━━━ Records to process ━━━

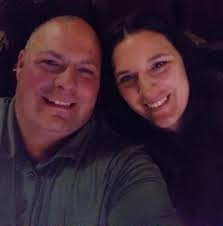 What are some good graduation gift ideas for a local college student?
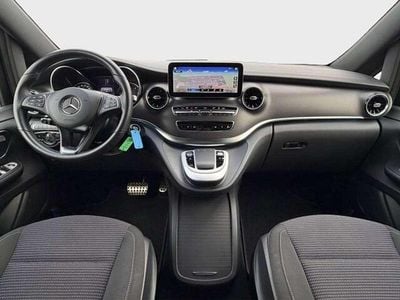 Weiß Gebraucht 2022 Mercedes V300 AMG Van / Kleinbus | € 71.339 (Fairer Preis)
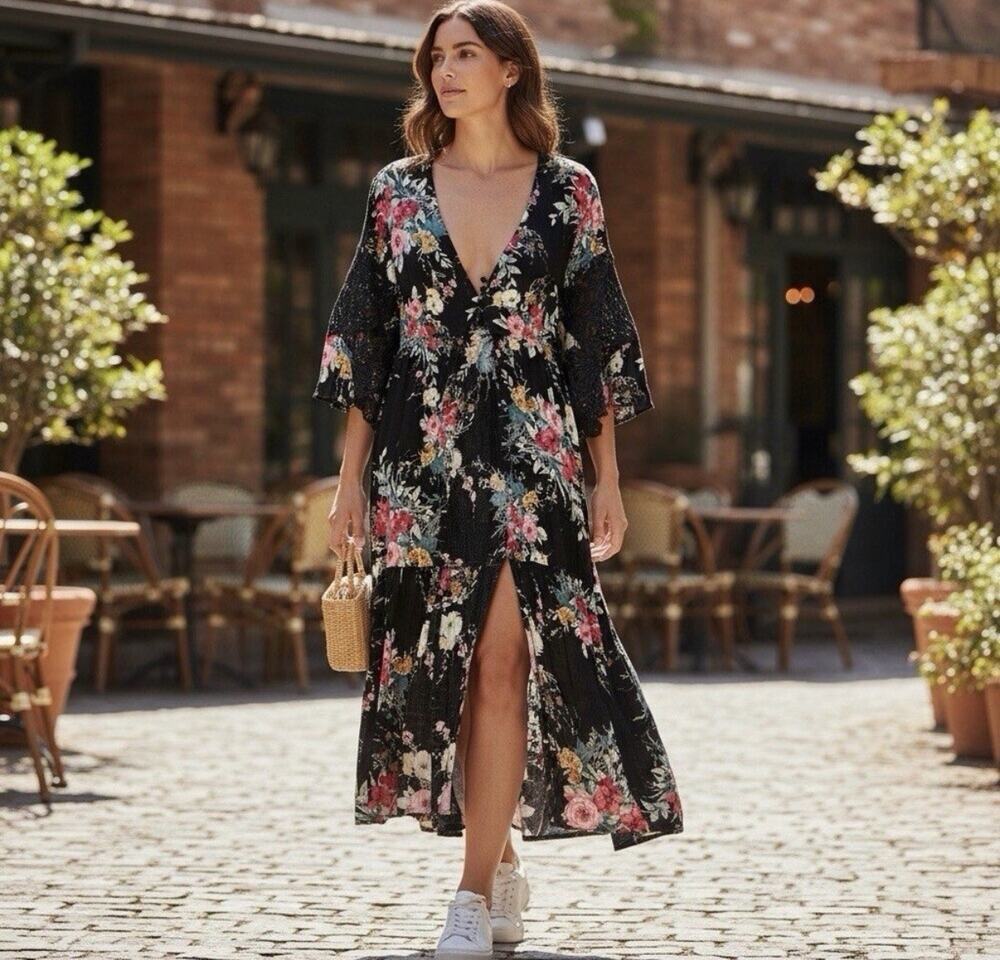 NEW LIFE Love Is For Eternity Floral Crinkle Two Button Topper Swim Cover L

━━━
━━━ Records to process ━━━

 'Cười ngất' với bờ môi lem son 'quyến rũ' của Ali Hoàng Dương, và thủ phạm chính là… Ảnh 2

━━━
━━━ Records to process ━━━

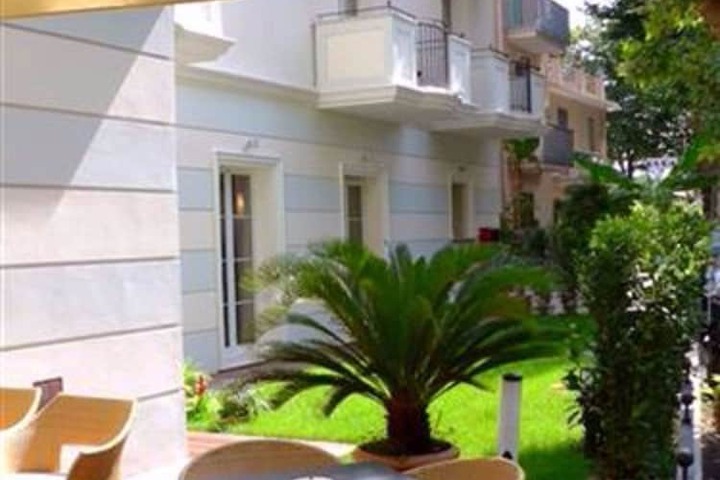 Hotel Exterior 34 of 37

━━━

• [Exercise]
The answer must be the lines above from the one containing "What are some" through the one containing "NEW LIFE Love", reproduced exactly, with no pictures and nothing else.

• [Output below]
 What are some good graduation gift ideas for a local college student?
 Weiß Gebraucht 2022 Mercedes V300 AMG Van / Kleinbus | € 71.339 (Fairer Preis)
 NEW LIFE Love Is For Eternity Floral Crinkle Two Button Topper Swim Cover L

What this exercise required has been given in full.